PROVIDED MATERIAL:
• • • •

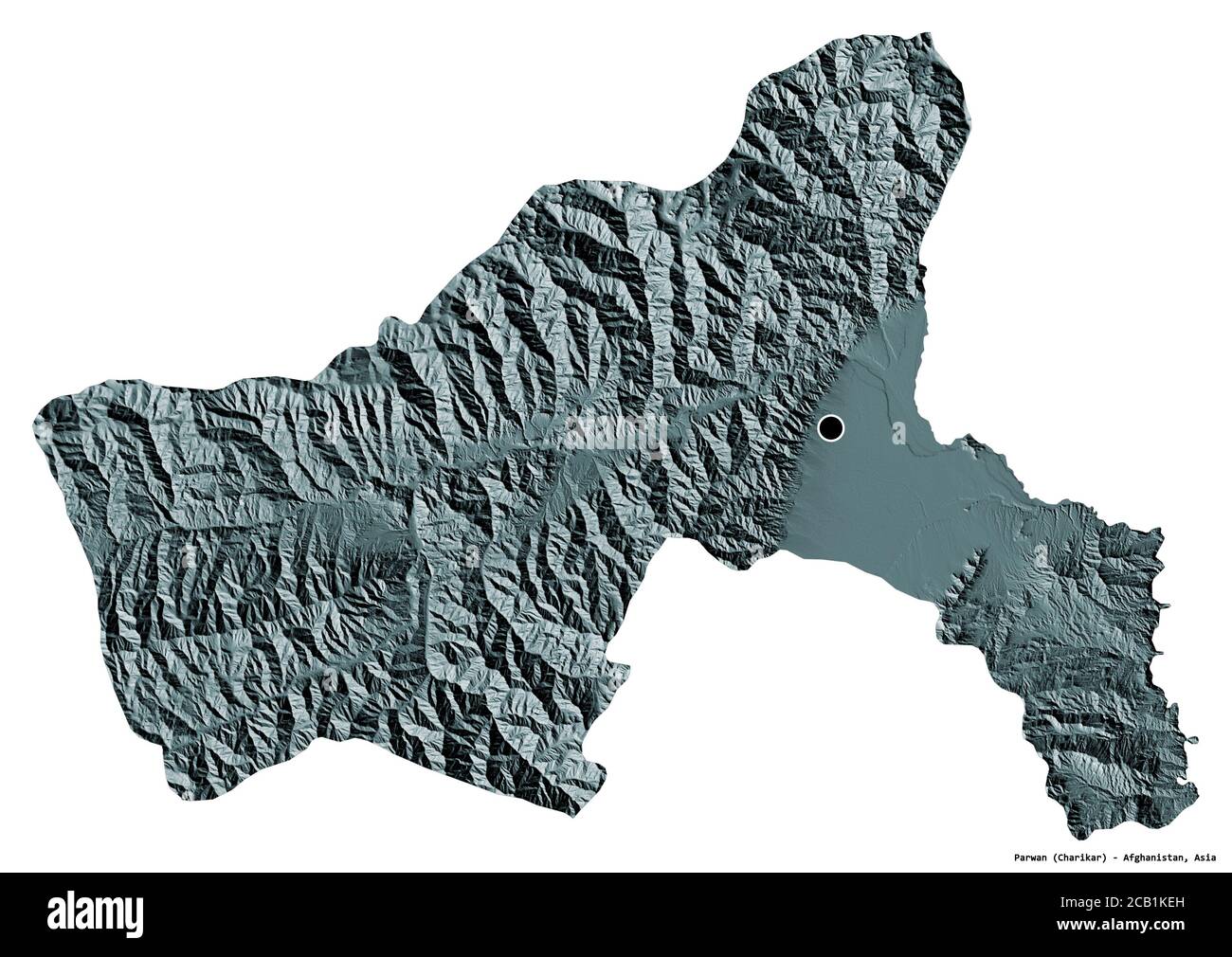 Forme de Parwan, province d'Afghanistan, avec sa capitale isolée sur fond blanc. Carte d'altitude en couleur. Rendu 3D Banque D'Images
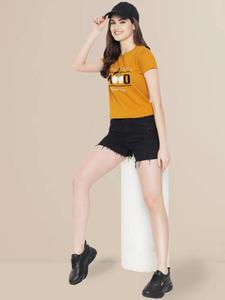 เสื้อยืดคอกลมแขนสั้นสำหรับผู้หญิงผ้าคอตตอน100% ลำลองทรงโอเวอร์ไซส์ XL พิมพ์ลายโลโก้แฟชั่นระบายอากาศได้ตามต้องการสีพื้น - Product Image 4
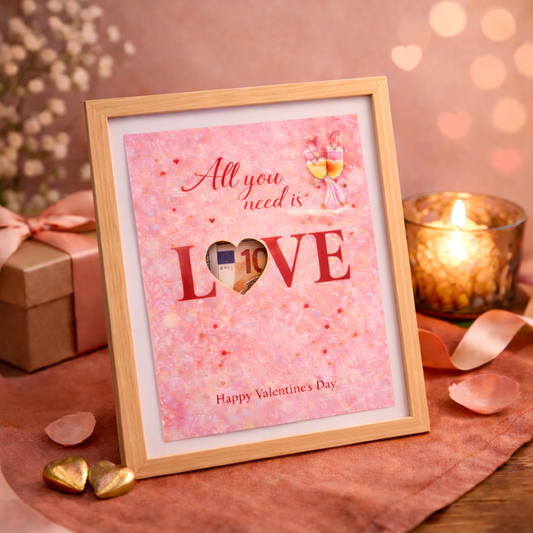 Valentijn Geldcadeau DIY Pakket – All You Need Is Love ( met hartje) |Fotolijst Cadeau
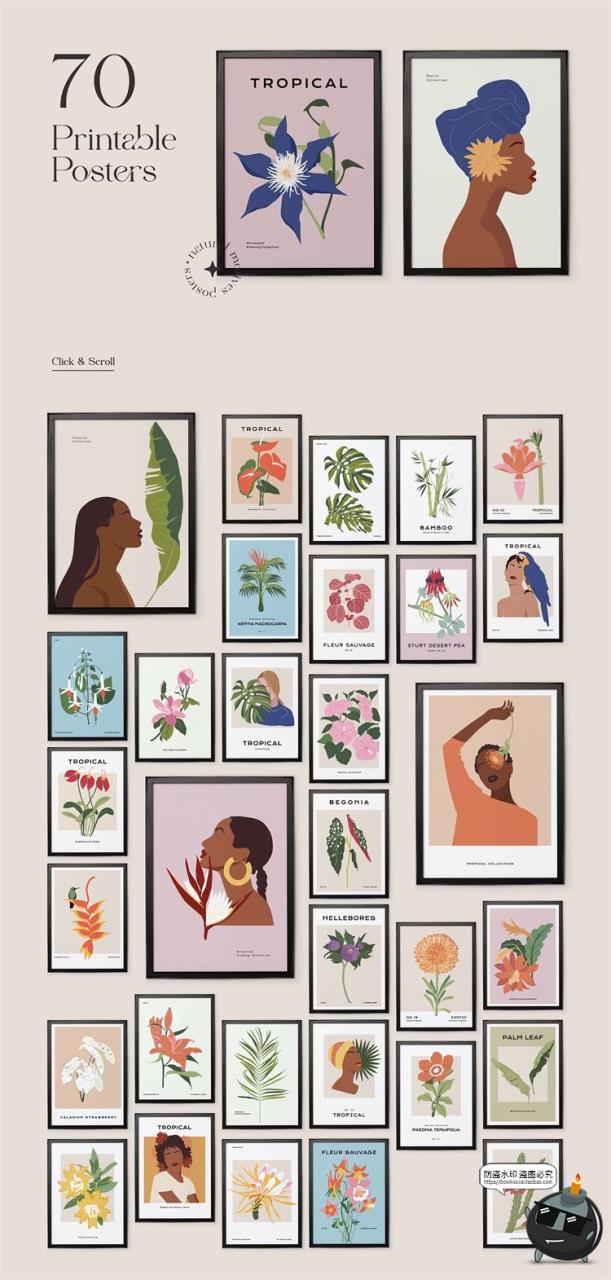 图片[2]-现代简约时尚热带植物装饰挂画海报插画底纹花纹图案AI矢量素材图-设计猿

• • • •

TASK PROMPT:
After locating the line that holds "Valentijn Geldcadeau DIY", output exactly the lines from it through the last line of the material above, inclusive, without pictures.

RESPONSE AREA:
 Valentijn Geldcadeau DIY Pakket – All You Need Is Love ( met hartje) |Fotolijst Cadeau
 图片[2]-现代简约时尚热带植物装饰挂画海报插画底纹花纹图案AI矢量素材图-设计猿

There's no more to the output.